Women's Voices の報告書の著者である科学者のスクラントンは、香料協会(IFRA)のリストはそれぞれの化学物質がどのくらいの頻度で、またどのくらいの量で用いられているのかを何も示しておらず、そのことが綿密に調べるのを難しくしていると指摘した。
”香料中の化学物質のリストに(ヒトに対する発がん性が疑われる)スチレンがあるが、これはレッドカードである”と彼女述べている。
”それは非常に、非常にまれに、非常に少量だけが使われているのだろうか? ことによるそれは目にするすべての香料で使用されているのか? もしそうなら、それは問題である”。
ウェブサイトに掲示されている概要書の中で、香料協会は”最高レベルの安全性”を確保する産業側の能力をほめちぎり、異なる大陸における様々な国の多様な法律とは異なり、産業側は自主規制を通じて新たな発見に対してもっと迅速にそして効率的に対応すると主張している。
同協会は、科学に基づくと称する基準を生成するために、その研究部門である香粧品香料原料安全性研究所(Research Institute for Fragrance Materials / RIFM)と共に働いている。
Women's Voices はこの仕組みについて、いくつかの問題点を例証している。第一に、香料の安全研究の大部分は香料研究所(RIFM)によって実施されている。
香料協会は年間約800万ドル(約9.2億円)を製造者との共同研究又は香料会社自身による研究に費やしていると述べている。
しかし、産業側の研究はほとんど公開又はピアレビューされることはなく、その結果が操作されていないことを確実にするためのラボでの実施の日常的なレビューは行われていないと、Women's Voices は言う。
しかし過去1年で欧州委員会消費者安全科学委員会は、香料研究所による研究を検証し、不完全なデータと妥当でない手続きを含んで、その方法論に繰り返し誤りがあることを発見した。
産業側は安全データを綿密に調べ、”独立系の専門家”の委員会によるガイダンスをもった安全基準を作成したが、その委員会の審議は公開されていない。
香料協会のウェブサイトによれば、これらの基準は同協会が過去数年間、禁止又は制限している 186物質に達するが、Women's Voices は同協会はその基準を管理するためにほとんど何もしていないと主張している。
”この香粧品香料原料安全性研究所(RIFM)はブラックボックスのようなものである”とブレスト・キャンサー・ファンドの計画・政策ディレクターであり、安全な化粧品のためのキャンペーンのディレクターであるジャネット・ヌーデルマンは言う。”彼らの安全研究はどれひとつ公的に入手することができない” 。
香料研究所(RIFM)は Women's Voices の発見について反論しなかったが、”産業界は、継続する健康と環境の安全レビューを通じて消費者の利益に目を向ける”ことを確認する声明をもって、簡単に応答した。

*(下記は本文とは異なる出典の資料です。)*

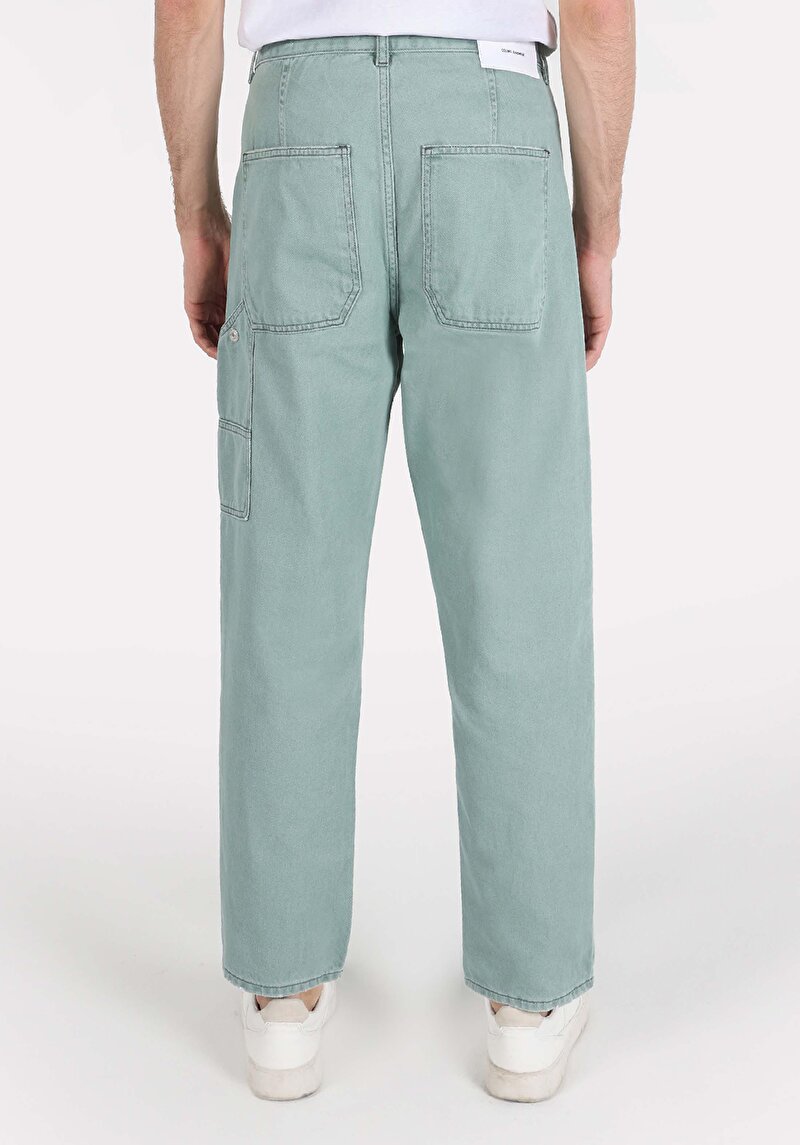 Worker Fit Orta Bel Düz Paça Erkek Yeşil Jean Pantolon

しかし産業界は使用している化学物質に関してもっと透明性を持たせることにまだ反対している。
例えば香料協会は、昨年2月にカリフォルニア州下院議員レジー・ジョーンズ=ソーヤー(民主党、ロスアンジェルス)によって提案された、洗浄製品の製造者に上位 20の成分をラベル表示させる法案に反対した。

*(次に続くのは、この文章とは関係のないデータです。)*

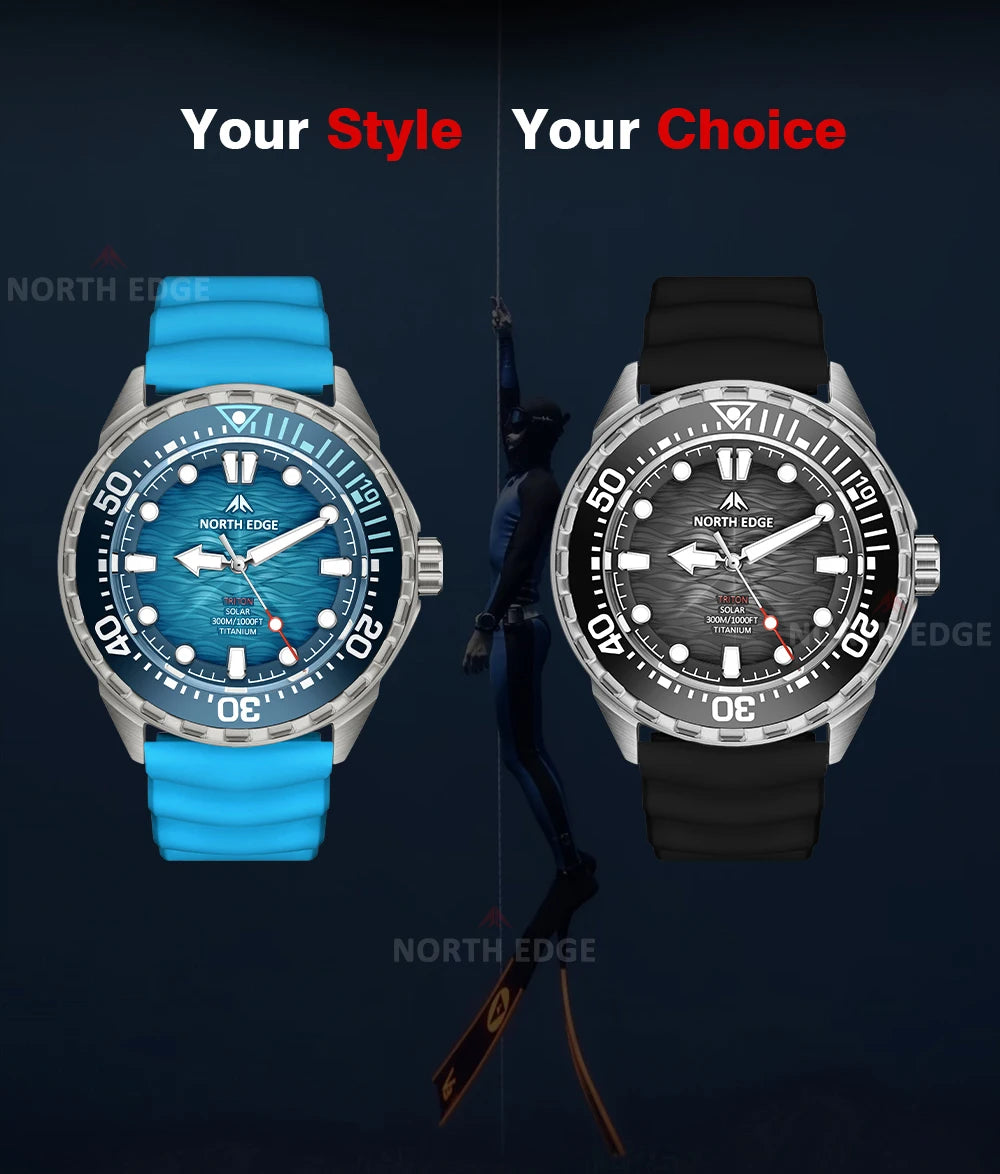NORTH EDGE NEW+ TRITON-TI Titanium Solar-Powered Diving Watch Luxury Quartz Watches for Men 300M Waterproof 180+ Day Power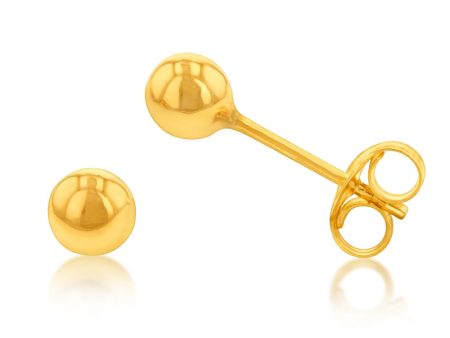 9ct Yellow Gold 4mm Ball Stud Earrings Online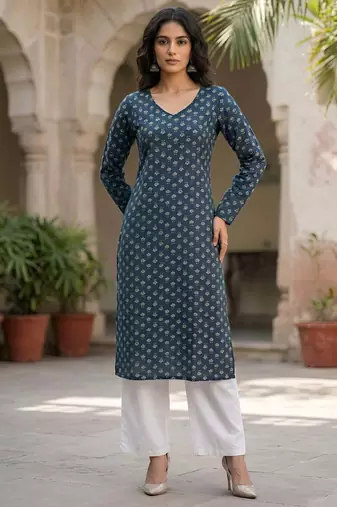 Blue  pure cotton printed kurti for women
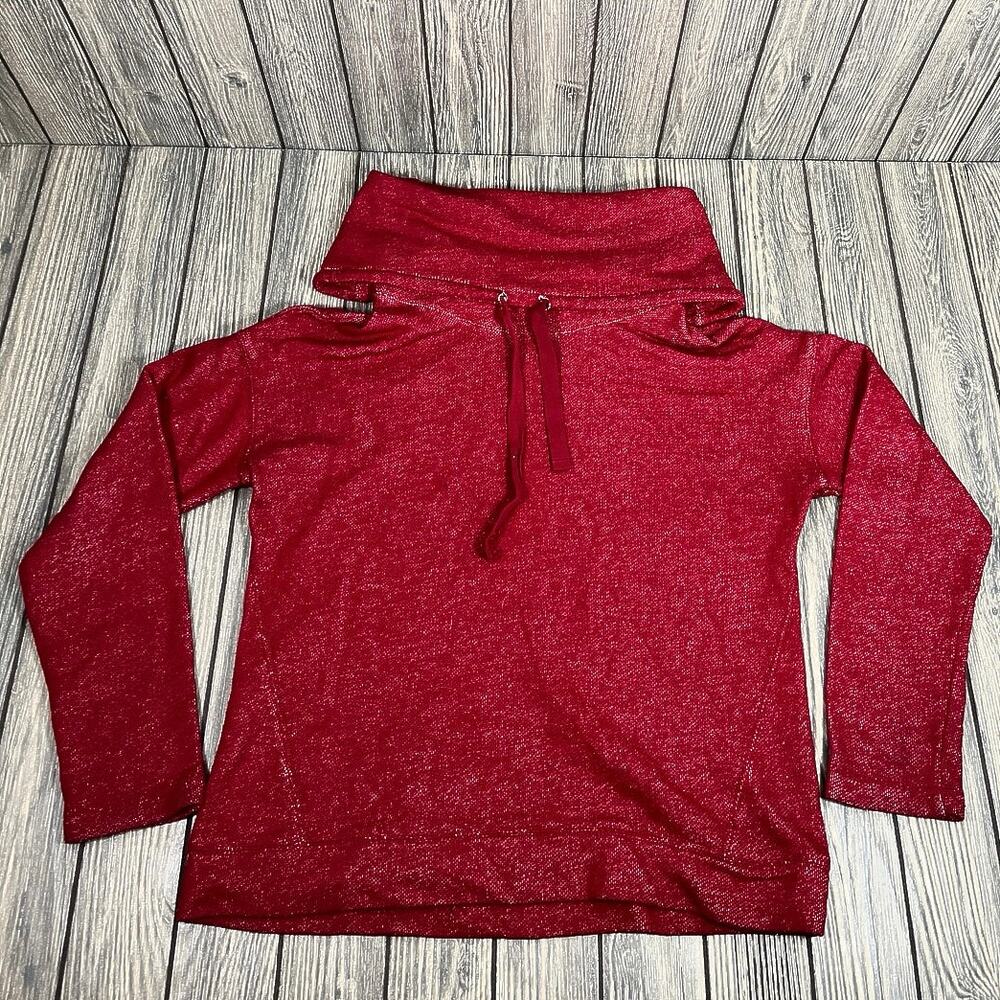 Ralph Lauren LRL Women Red Cowl Neck Sweater Fleece Sz M Winter Holiday Party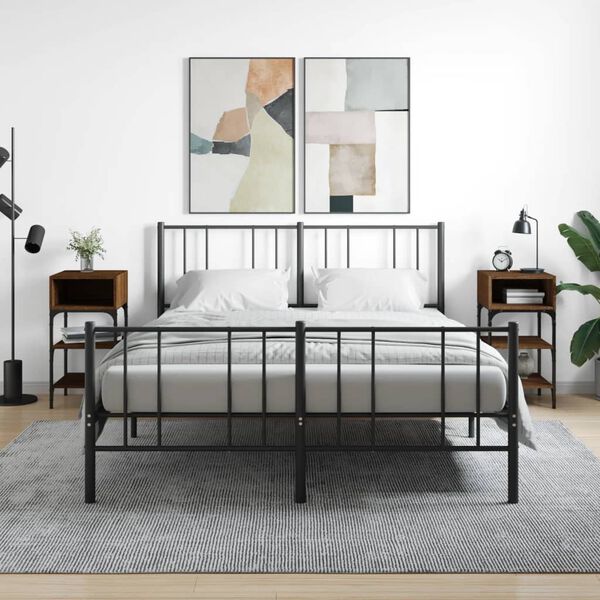 vidaXL Нощни масички, 2 бр, кафяв дъб, 35x34,5x70 см, инженерно дърво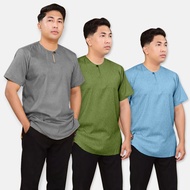 Men’s Kurta Al-Hafiz Muslim Top Kurta Half Sleeves Round Neck Kurta Pocket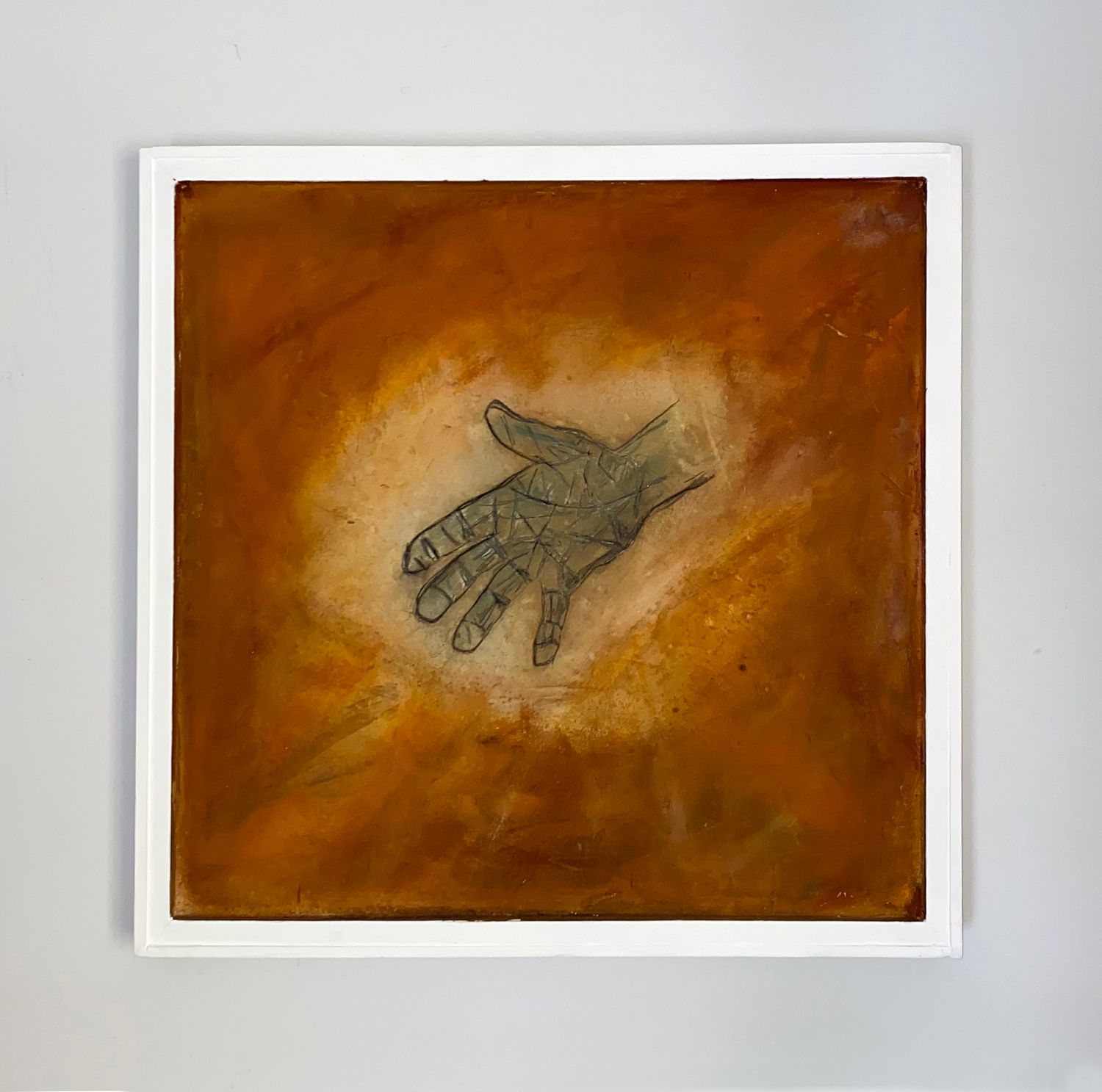 'Hands' mixed media painting on canvas. Hand outstretched on a burnt, orange background.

同下院議員への書簡の中で同協会は模造品について懸念していると述べた。
香料過敏症のニューヨークの教授ミラーは、もし会社が製品中に何があるのかについて明らかにするなら、それは彼女のような人々にとって”非常に役に立つであろう”と述べた。
”香料は、なにか素敵という概念だけではなく、実際にはかなり汚い化学物質の組み合わせである”と彼女は言う。
この記事は、公衆の健康、安全及び環境に焦点を当てた非営利ニュース組織 FairWarning によって報告された。